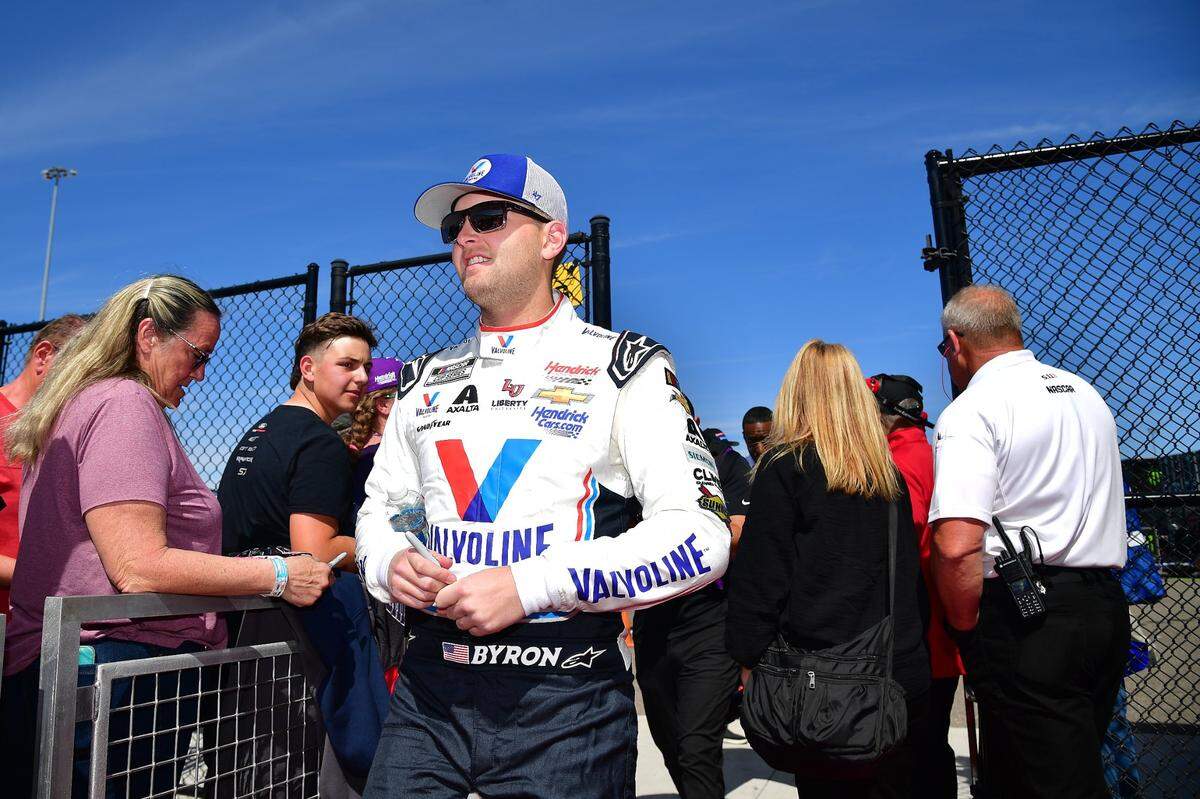Mar 12, 2023; Avondale, Arizona, USA; NASCAR Cup Series driver William Byron (24) before the United Rentals Work United 500 at Phoenix Raceway. Mandatory Credit: Gary A. Vasquez-USA TODAY Sports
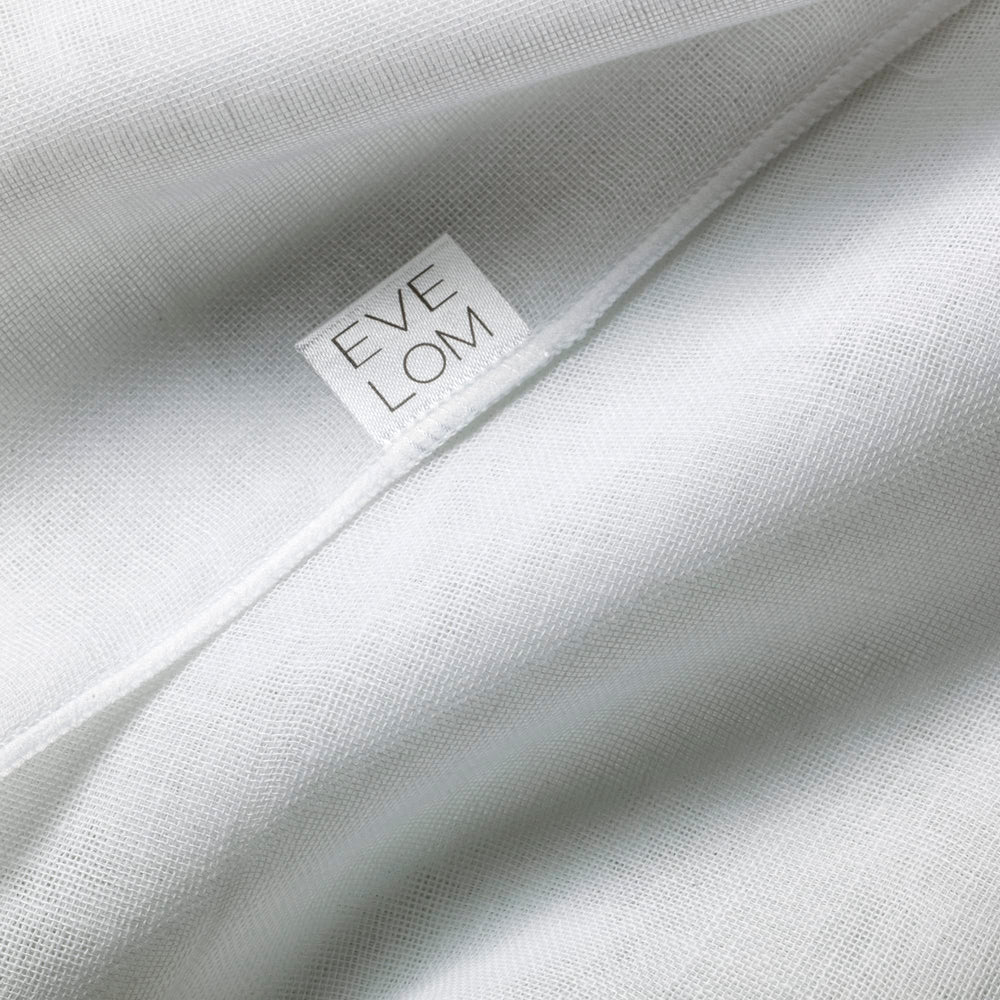 EVE LOM Muslin cloth hung to dry after use to extend longevity and reuse.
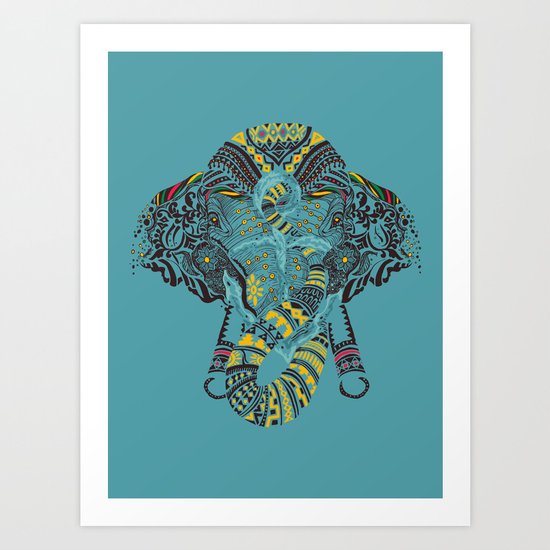 Anchor and Elephant Art Print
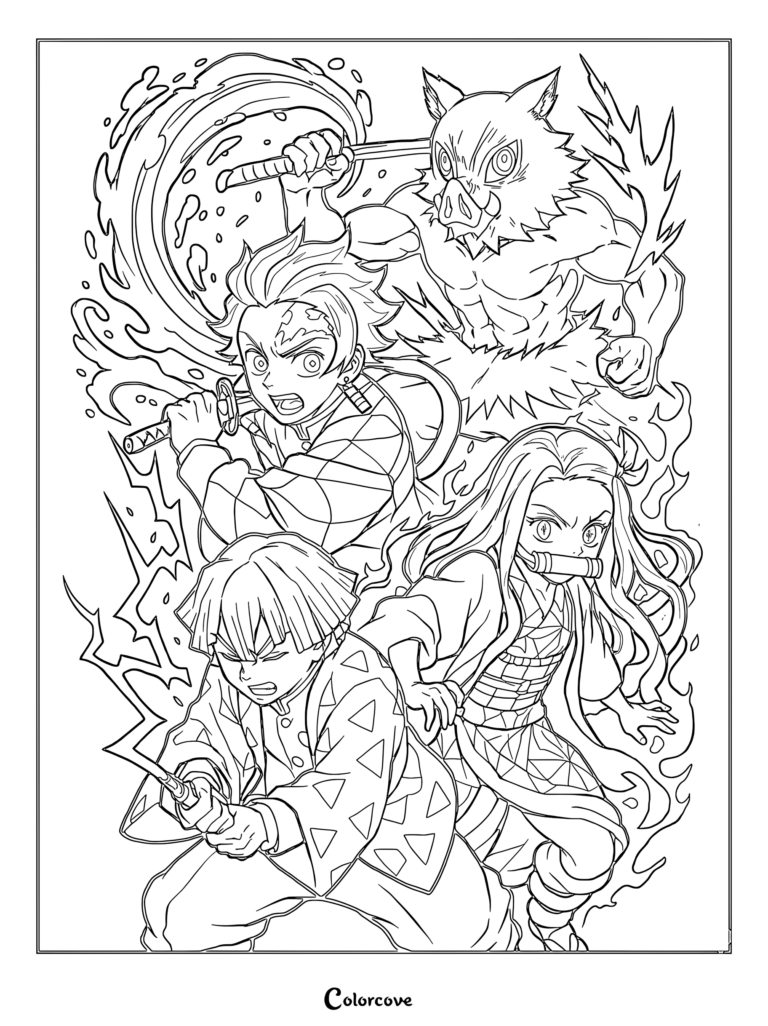 Tanjiro, Nezuko, Zenitsu, and Inosuke prepare for battle together.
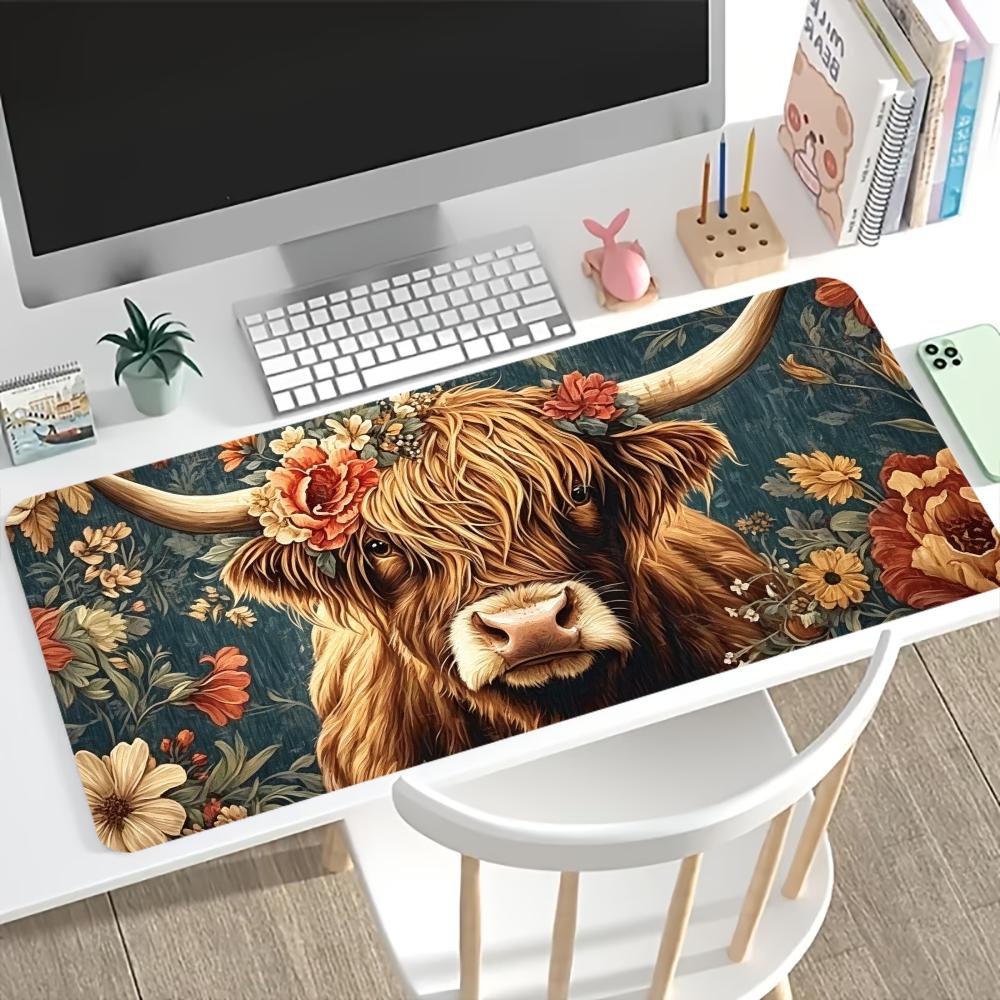 Desk Setup Pc And Laptop - Vintage Highland Cow Çiçek Desenli Oyun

------------

:: WORK INSTRUCTION ::
Produce an exact copy of only those lines that run from the line with "Tanjiro, Nezuko, Zenitsu, and" to the final line of the records, including both; exclude images.

:: ANSWER TO THE PROBLEM ::
 Tanjiro, Nezuko, Zenitsu, and Inosuke prepare for battle together.
 Desk Setup Pc And Laptop - Vintage Highland Cow Çiçek Desenli Oyun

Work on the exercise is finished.